WHAT IS NEEDED — Copy the records below line by line and word for word, from the very first line through the line with "Beryl hits Mexico's", omitting each picture.

[Image-caption web data]
+---+

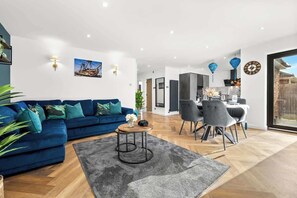 Fernseher, Videospiele, Tischfußball, Arbeitsbereiche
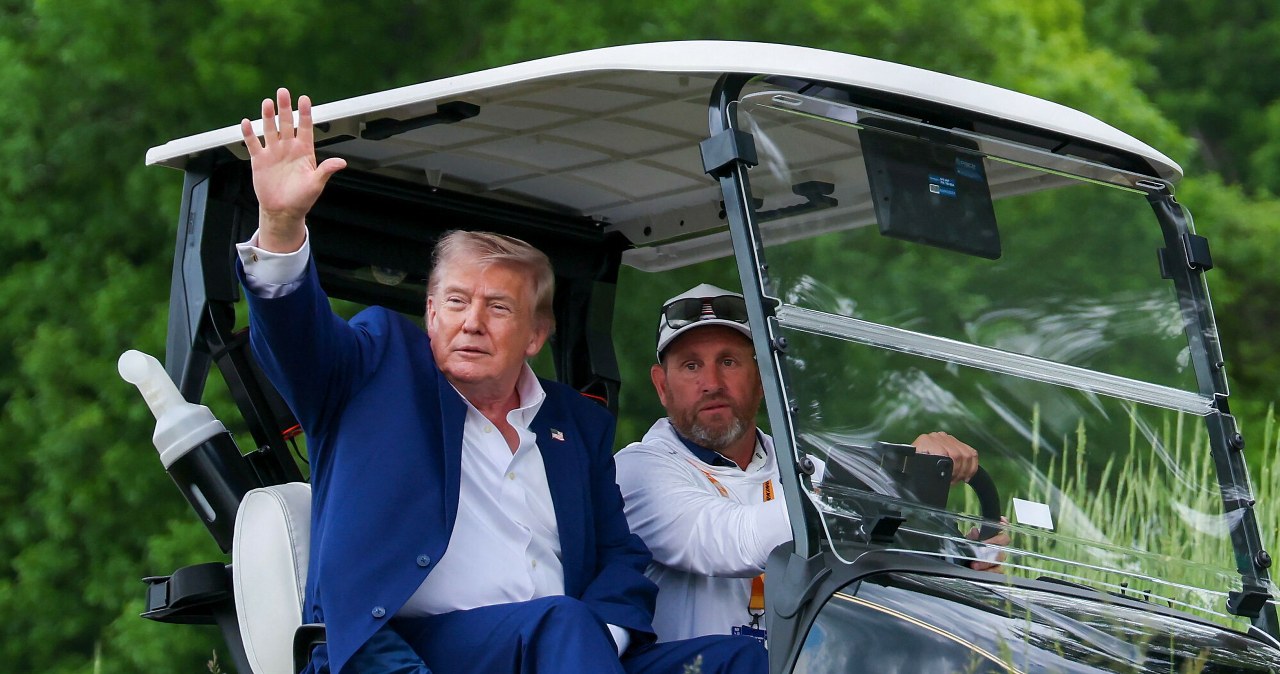 Donald Trump niezadowolony. "Całkowicie nie do przyjęcia"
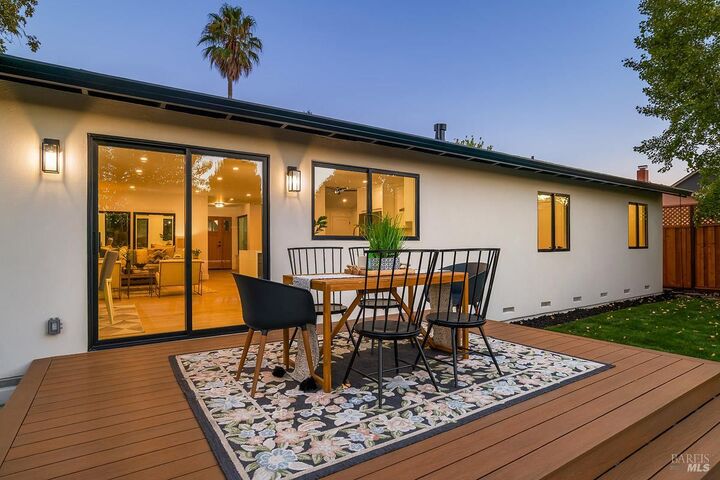 Property Photo:  2053 Vista Lane  CA 94954 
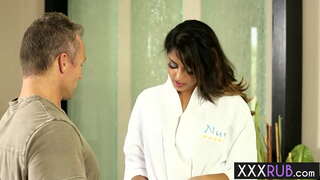 شہوانی ، شہوت انگیز بیب سوفیا لیون knelt اور نگل لیا کاک مساج کے بعد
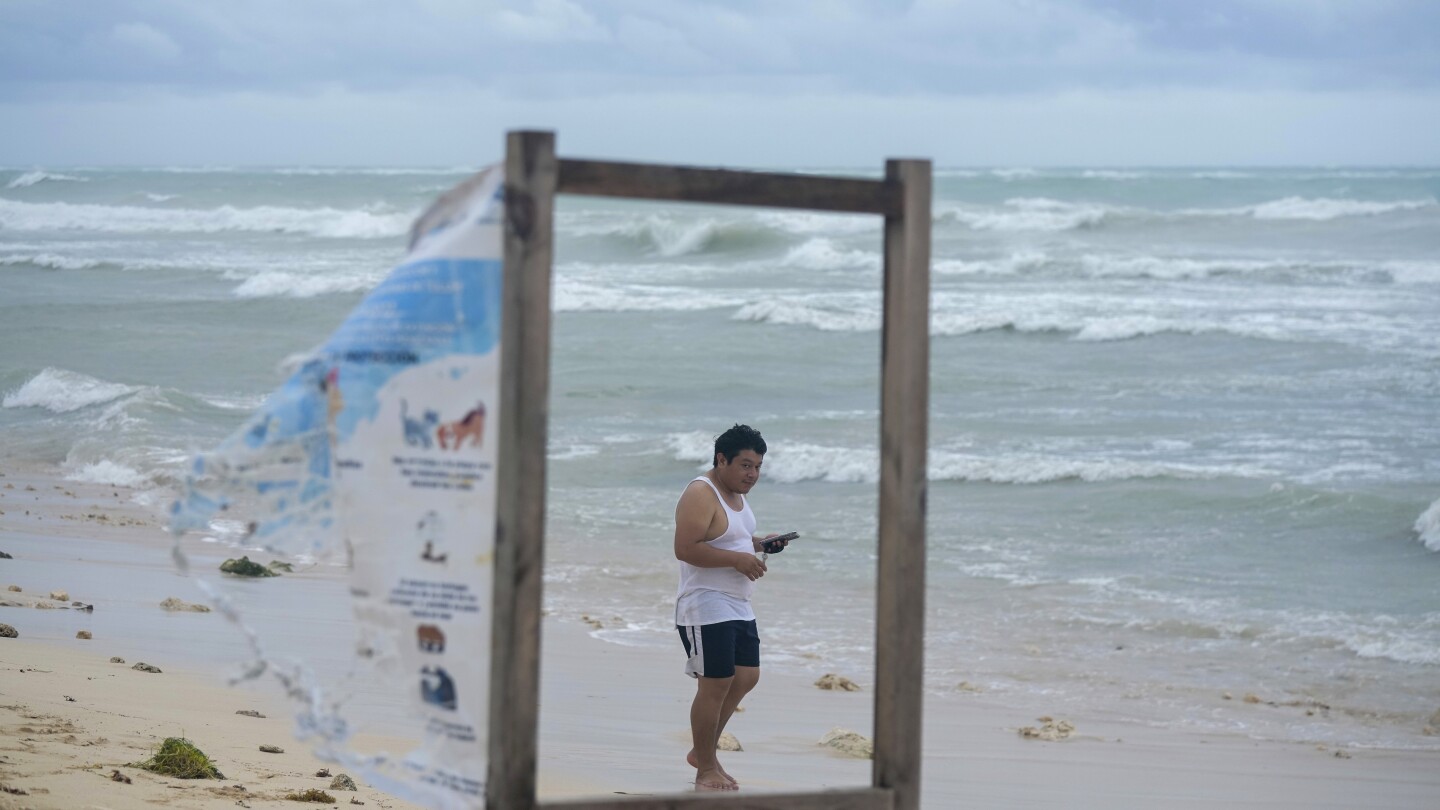 Beryl hits Mexico's Yucatan Peninsula. Texas authorities urge coastal residents to prepare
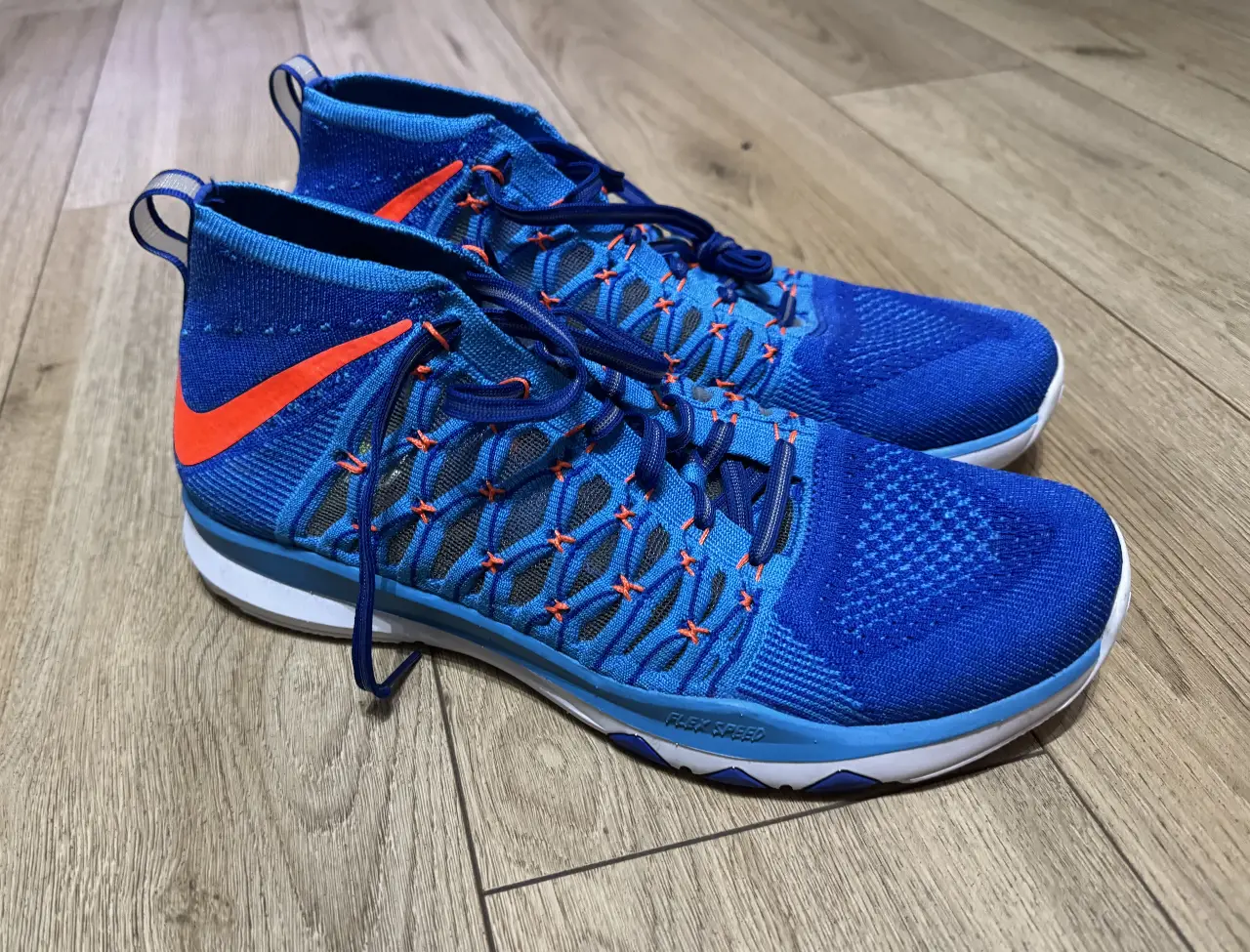 Zapatillas deportivas Nike Free Trainer 3.0 V4 para hombre, color azul con detalles en naranja. Ideales para entrenamiento y running. En muy buen estado. Originales, compradas en EEUU.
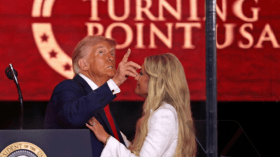 أرملة تشارلي كيرك تخلفه في المنصب بأمر من ترامب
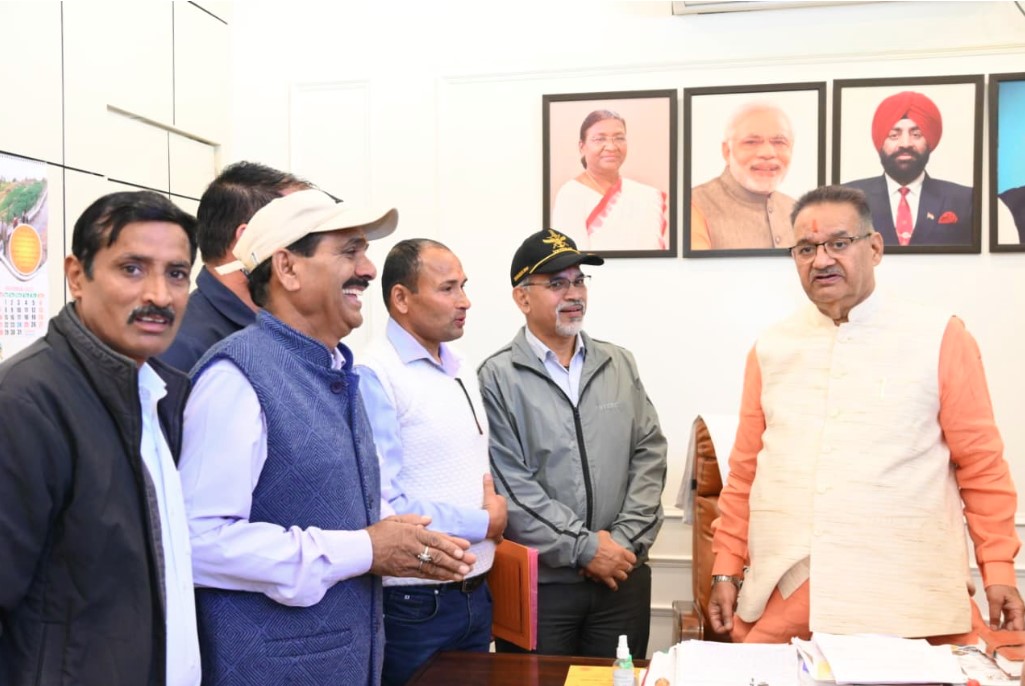 ग्राम्य विकास मंत्री गणेश जोशी से खत्याड़ी गांव प्रतिनिधिमंडल ने की मुलाकात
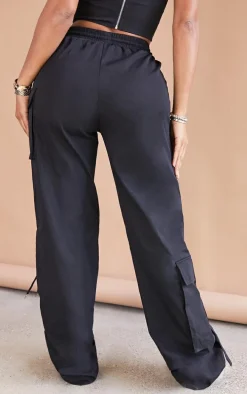 PRETTYLITTLETHING Shape Black Cargo Pocket Detail Wide Leg Sweatpants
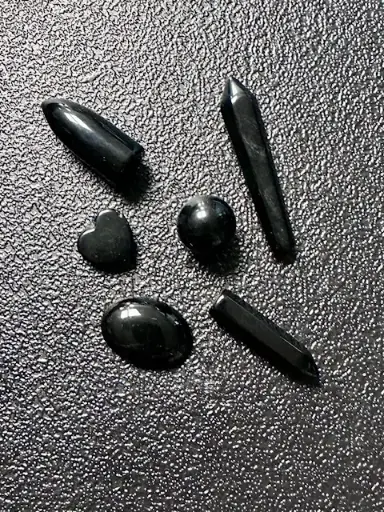 [ONYX25] Onyx Carvings - Assorted Small sphere, heart, bullet, point, oval, wand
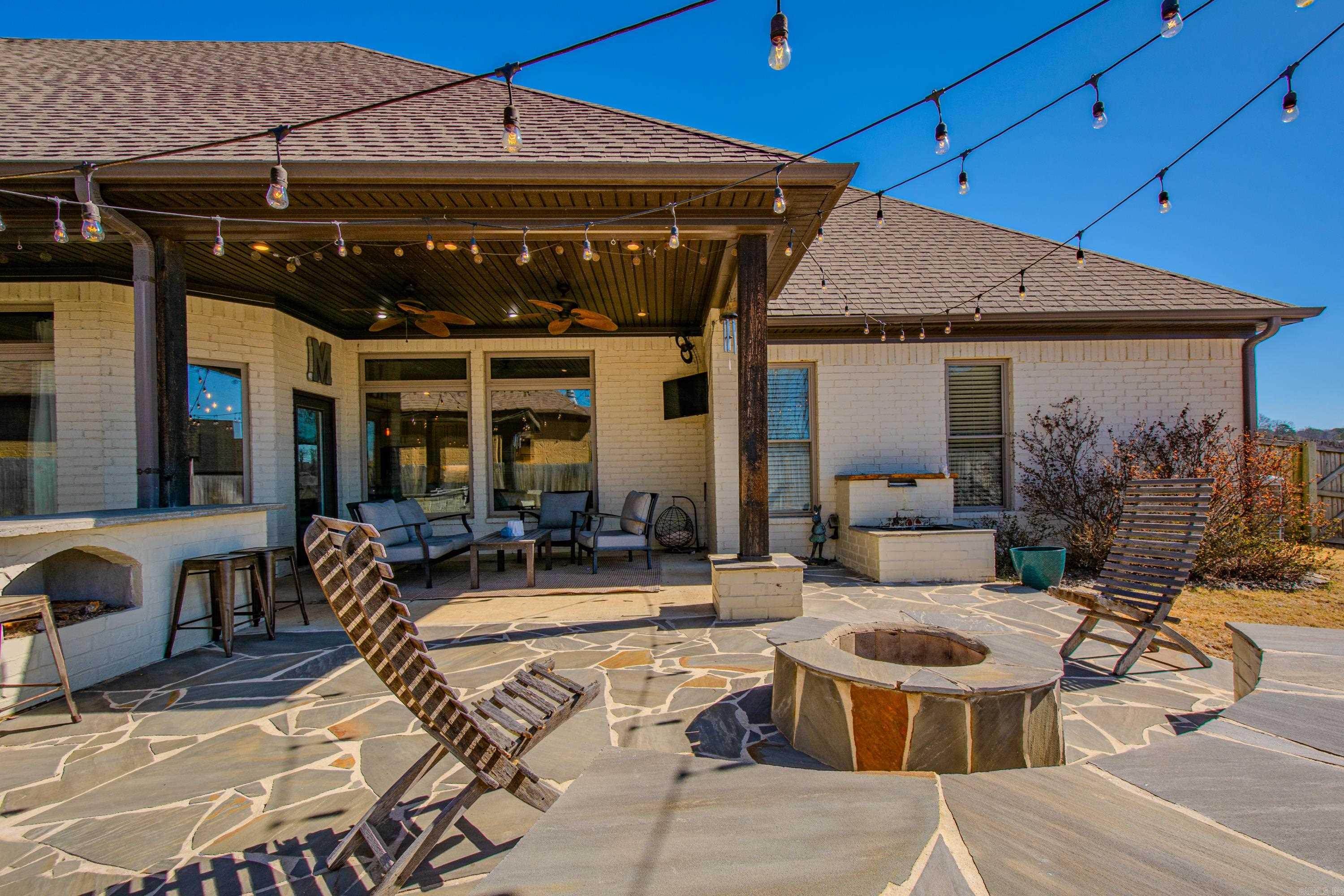 NORTH SHORE @ HURRICANE LAKE EST - Residential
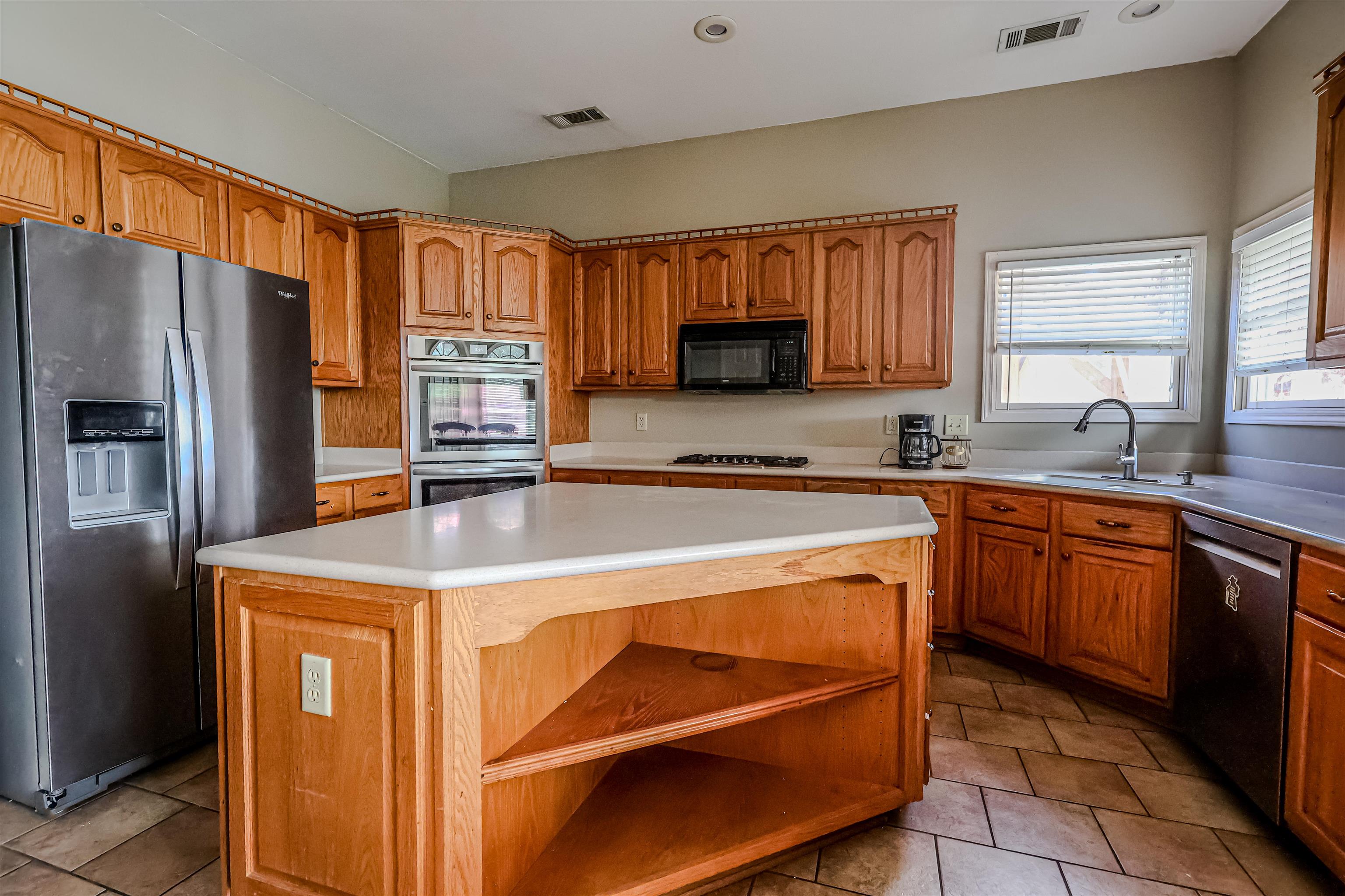 121 Reed Cir Property Photo 3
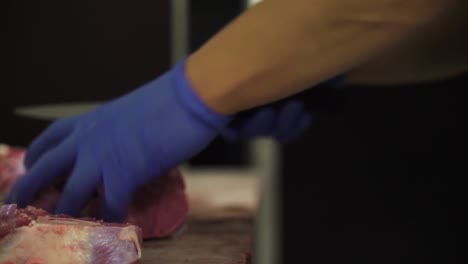 Carnicero-Local-Preparando-Carne-Para-Cocinar-Con-Un-Cuchillo-Afilado.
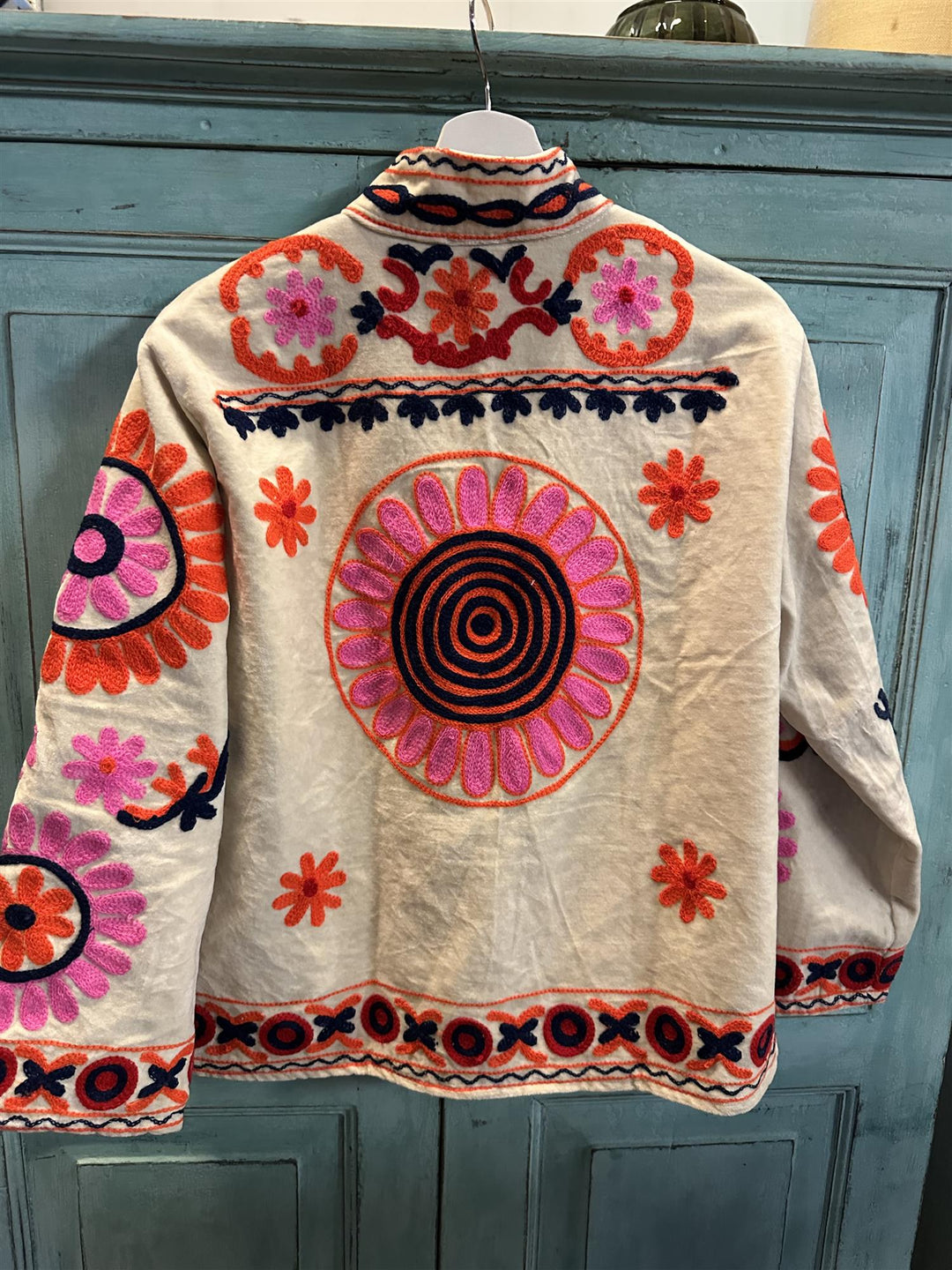 Anouska jakke velur med broderier off white neon pink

+---+

RESULT OF THIS TASK —
 Fernseher, Videospiele, Tischfußball, Arbeitsbereiche
 Donald Trump niezadowolony. "Całkowicie nie do przyjęcia"
 Property Photo:  2053 Vista Lane  CA 94954 
 شہوانی ، شہوت انگیز بیب سوفیا لیون knelt اور نگل لیا کاک مساج کے بعد
 Beryl hits Mexico's Yucatan Peninsula. Texas authorities urge coastal residents to prepare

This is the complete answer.